One thousand young idealists, the vast majority of whom were not born when Jonathan Pollard began his prison sentence, are out on the streets and in the shopping malls today, trying yet again to arouse awareness of Pollard’s plight.

Just days before the summer vacation ends, the youths are standing at intersections and commercial centers around the country, handing out flyers and “We Want Jonathan Home!” bumper stickers.

“This is an initiative that arose spontaneously,” says Asher Mivtzari, a leader of the Free Pollard campaign. “There were simply a bunch of youth who were unable to enjoy their summer vacation when they realized that at the same time, Jonathan Pollard was still sitting in jail, day in and day out. And so they decided to do the only thing they could – try to get as may people as they can to wake up and exert pressure on their leaders.”

Israel National News contacted coalition whip MK Ze’ev Elkin of the Likud, known to be a supporter of the Pollard cause. “Have you spoken to Netanyahu recently about this?” Elkin was asked, and responded, “Netanyahu is not the problem. He is the one who made the most efforts to have him released, at the Wye Plantation agreement in October 1998; Pollard was almost freed, but at the last minute, possibly because of the media reports, Clinton changed his mind.”

In fact, however, both former CIA head George Tenet and former Ambassador Dennis Ross have taken “credit” for having convinced Clinton to renege on his pledge to free Pollard. Tenet wrote in his memoirs that it was his threat to resign that scuttled the idea of freeing Pollard, while Ross said that he advised Clinton to “save the Pollard card” for when the United States would need to pressure Israel in the future. Others say that it was Clinton who reneged of his own accord on his promise.

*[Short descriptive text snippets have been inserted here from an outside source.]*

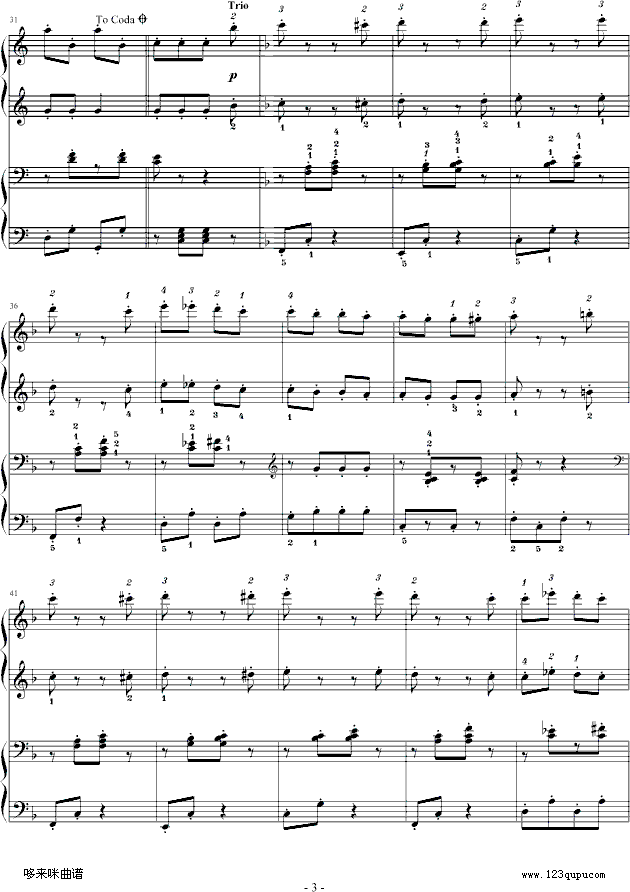 拨弦拨尔卡-约翰·施特劳斯钢琴曲谱（图3）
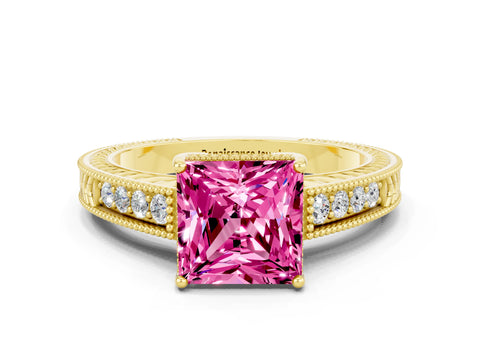 Yellow gold Princess Cut Pink Sapphire Engagement Ring with Milgrain Channel Set Band and Prong Setting_24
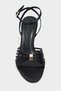 Zaria Black Satin Open Toe Detailed Caged Women's Heeled Sandals - 6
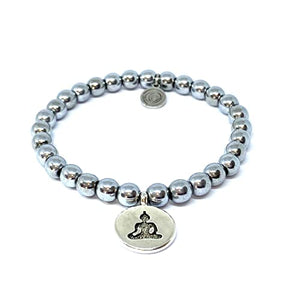 OCHRANA Pulsera elástica de 17.5 cm de hematita silver con dije de buda de 6mm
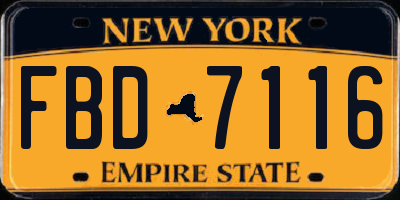 NY license plate FBD7116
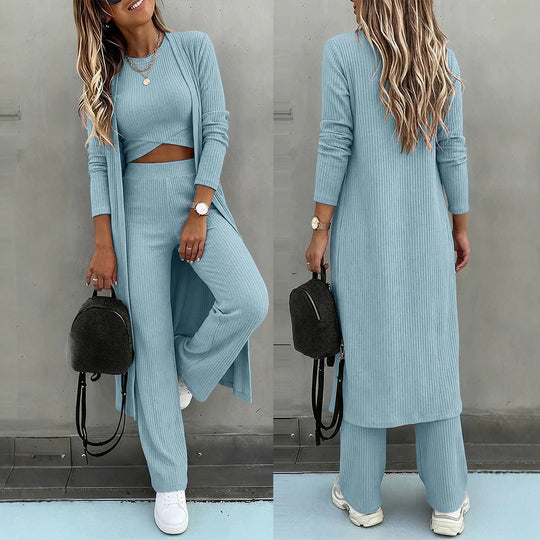 Damen Dreiteiliges Rippstrick-Loungewear-Set mit Longcardigan, bauchfreiem Top und weiter Palazzohose EB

In any event, Elkin said that the Pollard issue always comes up between Israel and the U.S., and that he is not optimistic that Barack Obama, “much more antagonistic to Israel than previous American administrations,” will agree to release him.

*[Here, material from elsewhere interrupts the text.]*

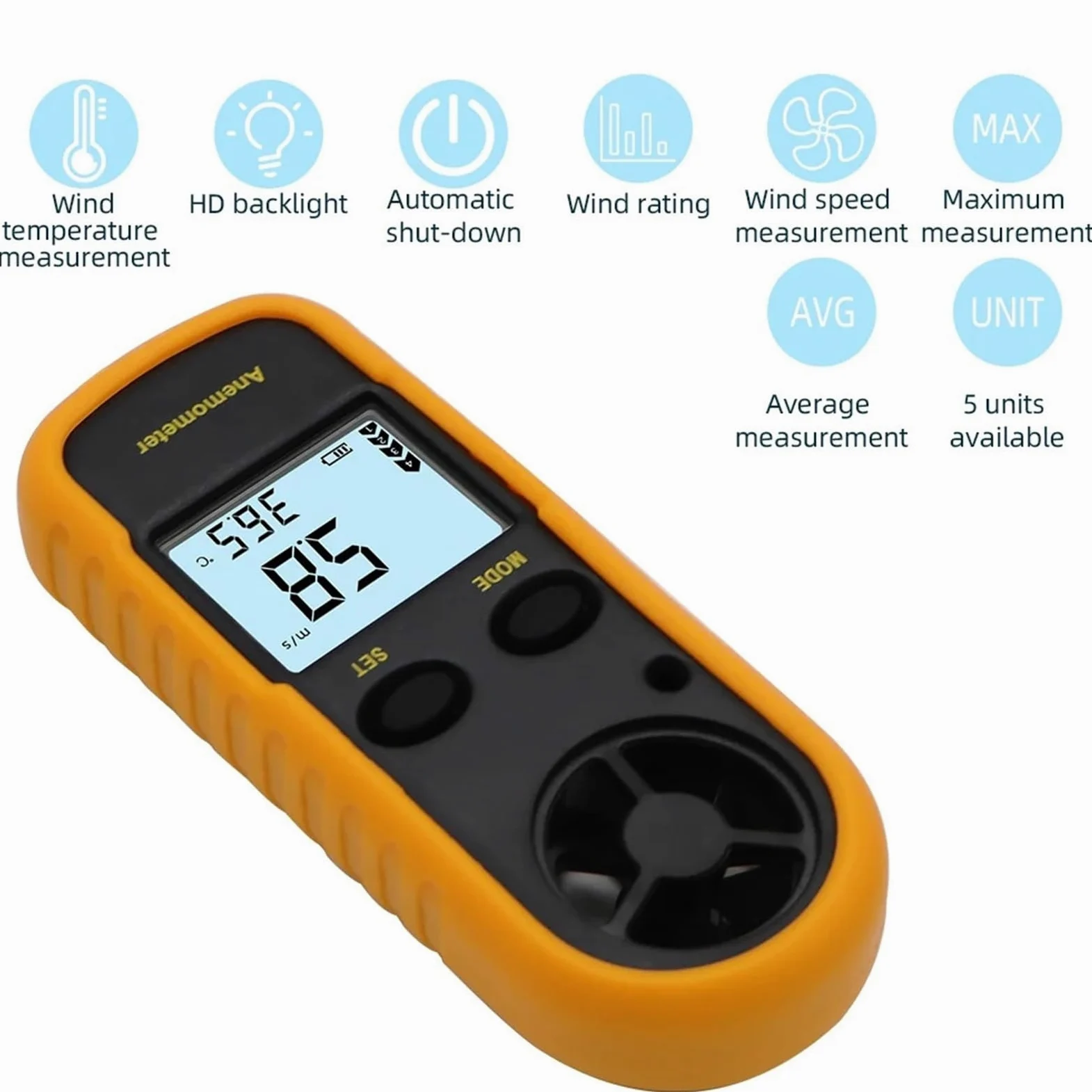 Anemómetro digital, Anemómetro Digital, termómetro para medir la velocidad del viento, probador de temperatura, portátil, alta precisión, medidor 0-30m/s
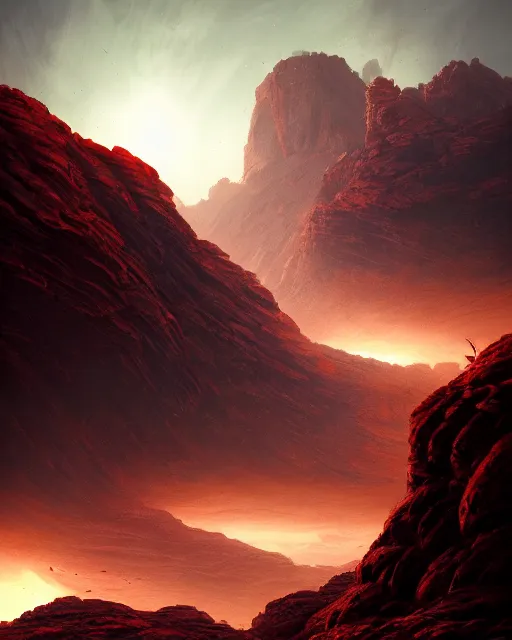 Image similar to double sunrising in the valley of fire, terrifying, environment art, fantasy art, landscape art, in the style of greg rutkowski, illustration, epic, fantasy, intricate, hyper detailed, artstation, concept art, smooth, sharp focus, ray tracing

Mivtzari rejects this pessimistic approach. “Why doesn’t the government have a Haggai Hadas assigned to the Pollard case?” he asks. [In May 2009, Netanyahu appointed former senior Mossad official Hagagi Hadas as his special representative for the return of abducted IDF soldier Gilad Shalit – ed.]

“The government should be doing more than it is,” Mivtzari says. “Obama might be antagonistic, but he needs something to show the Israeli public that he is not as anti-Israel as he seems, and this would be the perfect ‘out’ for him. Our government needs to act more solidly.”

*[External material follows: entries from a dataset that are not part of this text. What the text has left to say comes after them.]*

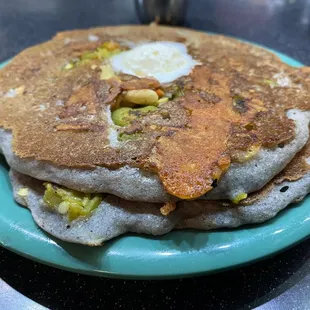 Blue corn, green Chile pancakes with piñon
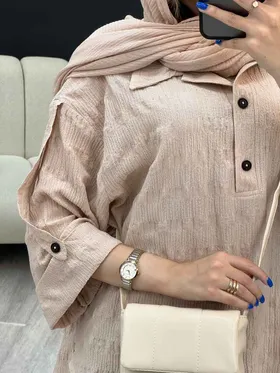 شومیز سه دکمه آستین پاگن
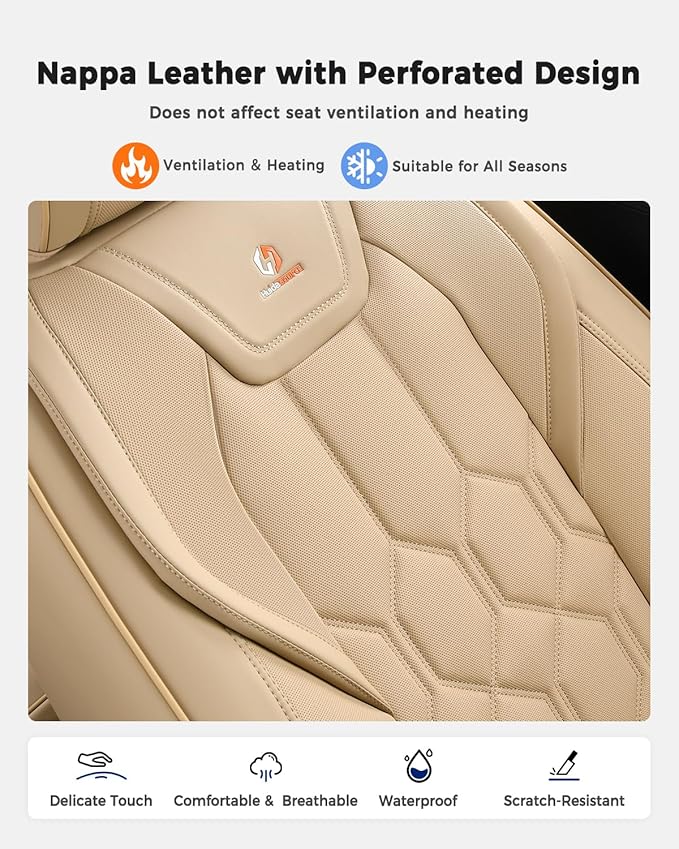 Huidasource Seat Covers Full Set, Universal Fit for Most Cars SUVs Trucks, Full Coverage Leather Automotive Seat Cover, Airbag, Cupholder Compatible, Seat Function Retain, Velcro Adjustable, Beige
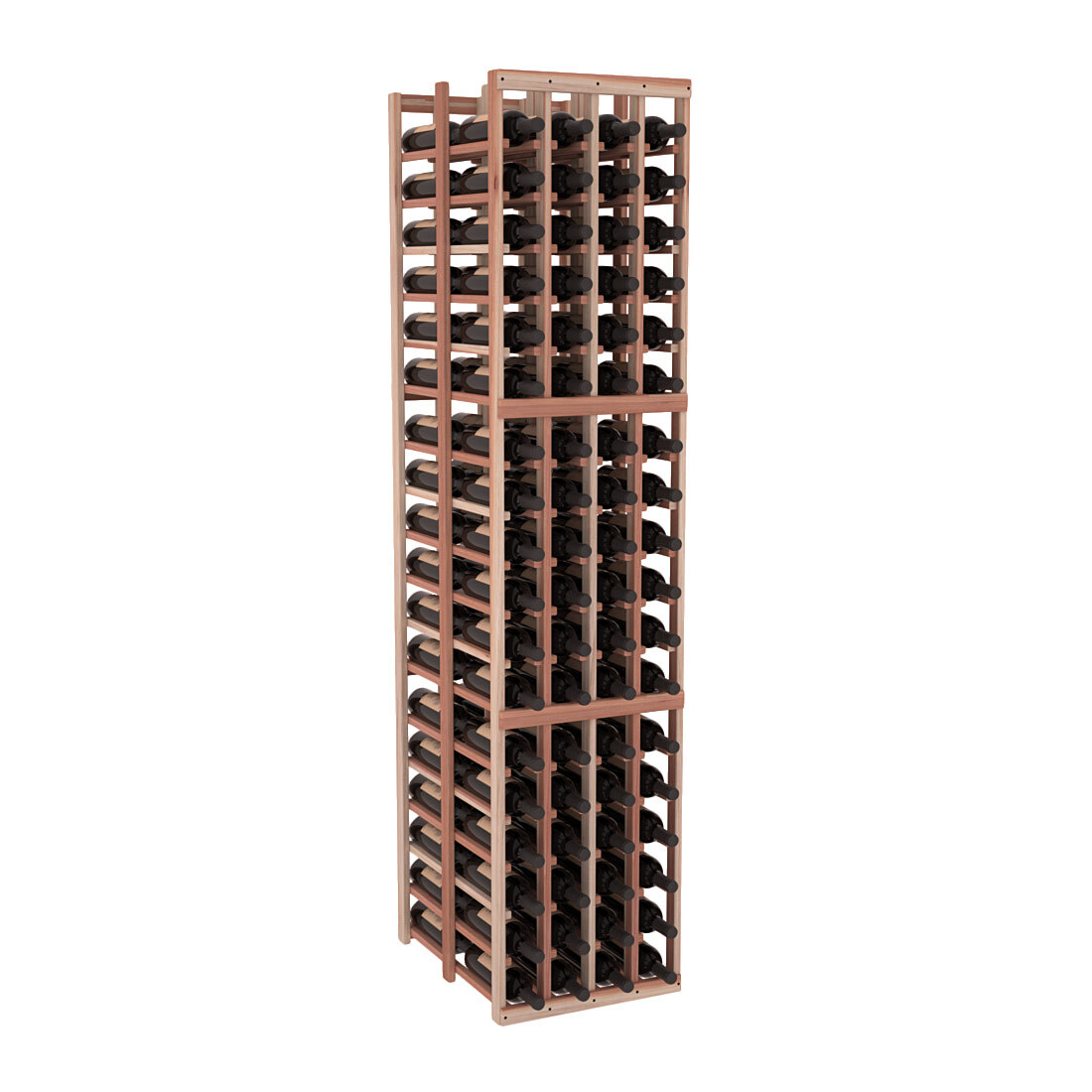 InstaCellar - 4 Column Double Deep Rack in Premium Redwood Unstained without WineSafe™ Satin Sealant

One student participating in today’s Pollard Day activities wrote as follows:

“How much longer can we be silent and ignore? … Picture yourselves in a closed room without windows, picture searing pain and longing, picture your bodies pained and wounded, burning in summer and freezing in winter… Picture yourselves in this infinite hell for five minutes… or a year… We have a brother who has been in this situation for 25 years already, 9,030 days, 216,720 hours, 13,003,200 minutes of pure torture - and it was all for us.

“He understood that there is me, and there is you, and there is me and you together; that if I am hurting, then you are no longer whole, that all of Israel is responsible for one another, in the truest and simplest meaning of the terms. But we – what did we do? We were silent – and even worse, we forgot…

“It is in our hands. Together, we will end this nightmare. Together, we will bring Pollard home. Alive.”